Yesterday, Allied was awarded $190,000 by the Environment Ministry for its initiative to use crushed glass as a part-substitute for sand to make concrete.
The Southland Times reported in July that the Invercargill City Council paid Southern Aggregates, which is part of the HW Richardson Group, to take the glass, but later discovered that some of what was being delivered was contaminated.
About 4000 tonnes has been stockpiled in the past two years near the beach.
Allied Concrete general manager Bob Officer said the money would be used in a trial to prove that contaminated glass would not affect the final product.
"The glass has paper and plastic but we are confident it will not be an issue because the process will eliminate it."
The company would upgrade its batching computer system and create additional storage for the glass at its existing Invercargill, Wellington and Wanaka concrete plants to receive crushed glass early next year.
"The application for funding was first made 18 months ago but we didn't make it, we had to modify what we were trying to achieve," Mr Officer said.
"... we anticipate with the availability of a suitable glass product we could expand to other locations."

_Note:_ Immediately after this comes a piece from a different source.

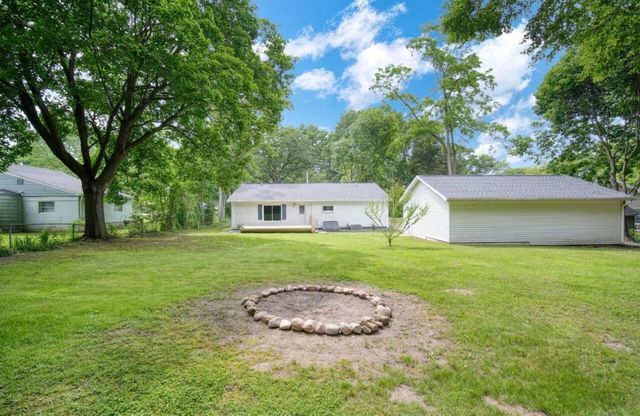 131 Gaunt Avenue, Jackson, MI 49203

Allied Concrete would buy processed glass from a supplier.
The Times reported this week that the Invercargill City Council had assisted Southland DisAbility Enterprises with money to buy a large crusher to get rid of glass in the south.
The glass near Oreti Beach would now be crushed by Southern Aggregates and sent to it, Mr Officer said.
He was aware that Southland DisAbility Enterprises had bought a crusher and it was likely that Allied would also be interested in buying the glass (sand) product from them.
Invercargill City Council roading and solid waste manager Tom Greenwood said he was aware of Allied Concrete's grant and that he would be interested in working with the company.
"We could add value here rather than sending glass to Auckland. "
The funding comes as part of the Government's $1 million towards six environmental projects across the country, announced yesterday by Environment Minister Nick Smith.